— Records to process —
►
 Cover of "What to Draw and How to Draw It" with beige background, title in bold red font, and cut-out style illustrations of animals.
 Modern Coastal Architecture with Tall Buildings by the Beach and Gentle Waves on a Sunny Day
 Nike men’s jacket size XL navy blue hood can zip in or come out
◄
►
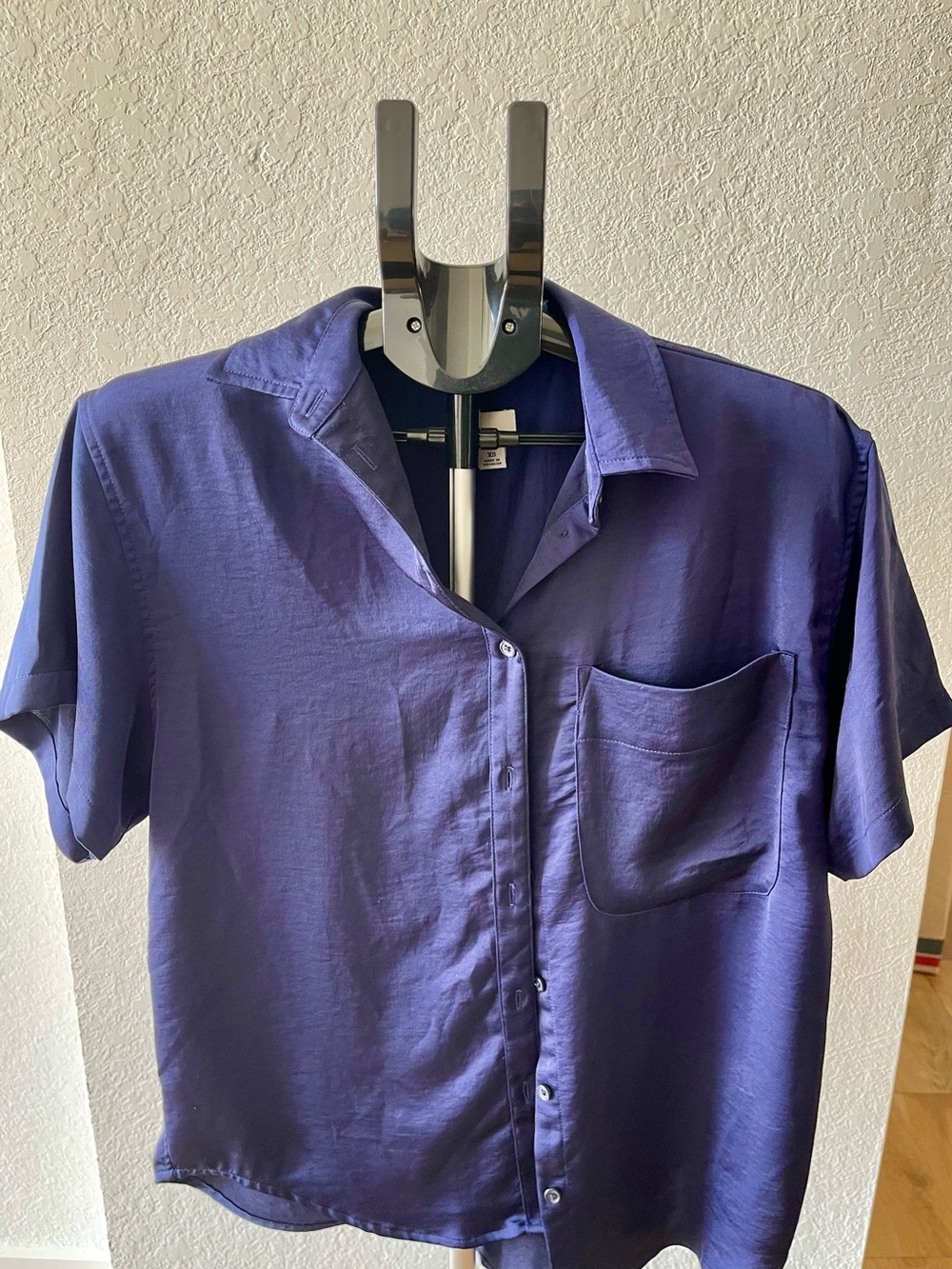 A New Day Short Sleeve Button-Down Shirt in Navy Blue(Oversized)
◄
— Instructions for the task —
In the listing above, find the line with "illustrations of animals." and the line with "Nike men’s jacket"; output exactly those lines and all lines between them.

— Your response —
 Cover of "What to Draw and How to Draw It" with beige background, title in bold red font, and cut-out style illustrations of animals.
 Modern Coastal Architecture with Tall Buildings by the Beach and Gentle Waves on a Sunny Day
 Nike men’s jacket size XL navy blue hood can zip in or come out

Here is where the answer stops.